Отвернувшись от окна, Ницан некоторое время сосредоточенно смотрел на помятый листок бумаги. Нет, он решительно не понимал, чем же вчера вечером могло заинтересовать его это письмо. Разве что этнографическими подробностями жизни дикарей. Ницан помотал головой. Вряд ли сегодня ему удастся что-нибудь понять. Лучше заняться бумагами на свежую голову.

Он зевнул, провел рукой по щетине, покрывавшей щеки. Сердито подумал о девеке, вселившемся в зеркало и теперь лишившем его возможности хоть как-то приводить в порядок внешность. Ницан подошел к разобранной постели. Недавние бурные события изрядно его утомили. К тому же во рту, за исключением выпивки и утреннего стакана горячего молока, маковой росинки не было. Умник откуда-то из Небытия извлек по просьбе хозяина парочку вполне съедобных бутербродов. Поужинав, Ницан погасил свет, бухнулся на продавленную лежанку и закрыл глаза. В расслабленном сознании завертелся калейдоскоп происшедшего за сегодняшний день. То перед внутренним взором сыщика появлялась монументальная фигура Баалат-Гебал, почему-то увенчанная бараньей короной Анат-Яху, то растрепанная борода мага-эксперта разрасталась до космических размеров, то случайный таксист проносился мимо верхом на статуе шеду, то Нурсаг представала в облике, в котором встретила когда-то его: испуганной девчонкой, сбежавшей из Западного Дома Иштар и приторговывавшей контрабандной мелочью…

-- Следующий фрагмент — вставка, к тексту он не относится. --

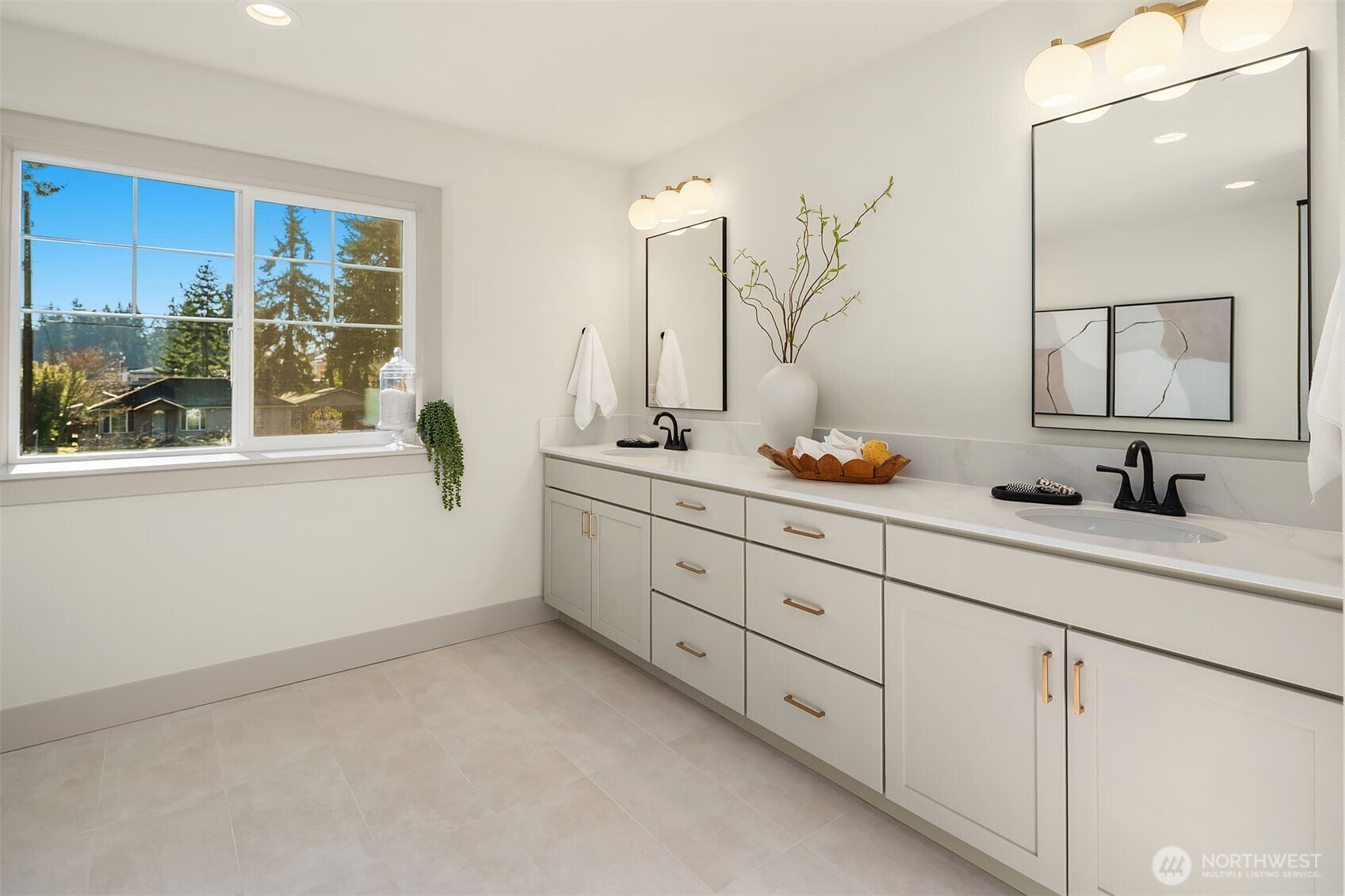 8427 200th Street SW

Настоящий глубокий сон все не приходил — только смутная полудрема. Ницан приподнялся и сел на лежанке. В комнате было темно, только в правом углу, на куче старой одежды и прочего хлама слабо фосфоресцировало небольшое овальной формы пятно — там спал Умник. Сыщик с хрустом потянулся, подошел к столу, зажег светильник. По стенам побежали тени от колеблющегося пламени.

Письмо Шошаны Шульги по-прежнему лежало на столе. И вновь Ницан перечитал его. На этот раз последний абзац вызвал у него смутные ассоциации. Он отодвинул в сторону недопитый стакан, извлек из кармана висевшей на стуле куртки прихваченные от Баалат-Гебал финансовые отчеты. Углубившись в изучение бумаг, Ницан вскоре почувствовал, как цифры начинают прыгать перед глазами.

Его внимание привлекла одна строка в последнем отчете. Он почувствовал вдруг, что оказался близок если не к решению задачи, то по крайней мере к ее формулировке.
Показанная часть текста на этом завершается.